Then after each side is created, the terrestrial side and the satellite side, which requires a lot of configuration on its own, service routes are defined and an IP connection is established between the two endpoints.
The termination process is the same, deleting the service routes and then the gateways.
Cloudify handles situations where one of the gateways fails and needs “healing” as well as supports scaling in cases where SLAs degrade. I expand on this in the Closed Feedback Loop section.
MEF Reference APIs
MEF reference APIs involved in this process:
- Sonata – Defines the business terms between operators to create such connections that span multi-operators. It defines the business contract, pricing, SLAs and penalties in case of breaches.
- Legato API – Each OSS/BSS operator system calls Cloudify APIs utilizing Legato. Legato defines to the orchestrator what services needs to be instantiated and their properties.

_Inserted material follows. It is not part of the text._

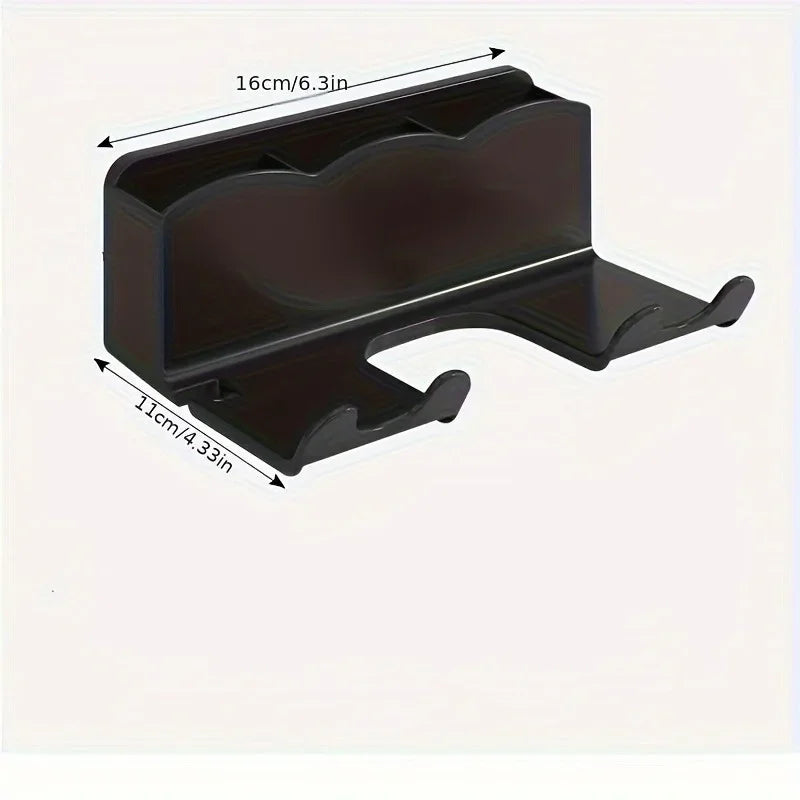 Support de Rangement pour Sèche-Cheveux – Support Mural de Salle de Bain Sans Perçage, Porte-Sèche-Cheveux avec Conduit d’Air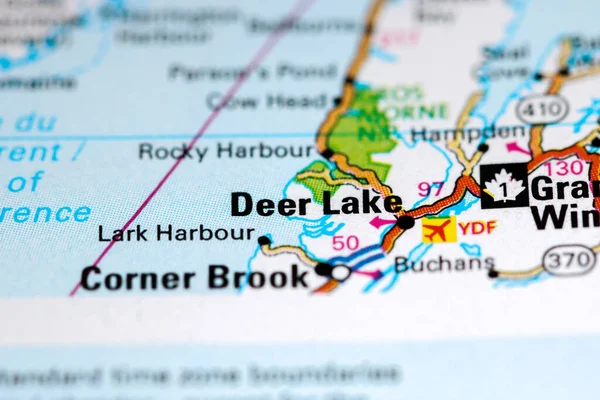 Deer Lake. Canada on a map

- Presto API – Defines a common abstraction layer to talk to all SD-WAN vendors in a common language. Each SD-WAN vendors should provide a plugin that translates the Presto common language to its own primitives and commands.
Cloudify is used as the orchestrator. Cloudify uses a TOSCA blueprint to define the service and its sub-components. Cloudify provisions the network gateways/routers on both sides and handles the life cycle operations (LCM) required at each step.
Figure 1 shows a site map, where we can see the location of each of the uCPEs and SD-WAN routers provisioned. Clicking on each one of the icons will get us to the deployment itself, where we can see the exact deployment workflow execution graph, as shown in Figure 2. In this example we see the workflow progress execution (green means completed) of the 128T SD-WAN provisioning part and its life cycle operations (LCM).
Life Cycle Management (LCM)
Each orchestrator worth its weight, should support life cycle operations like init, configure, start, stop, delete, etc. This is needed to provision and configure the right service components. For example, in the 128T router you need to add a new device, create a router, a node, a device interface and configure them. Then you have to create the service routes to connect the new router with its peering router.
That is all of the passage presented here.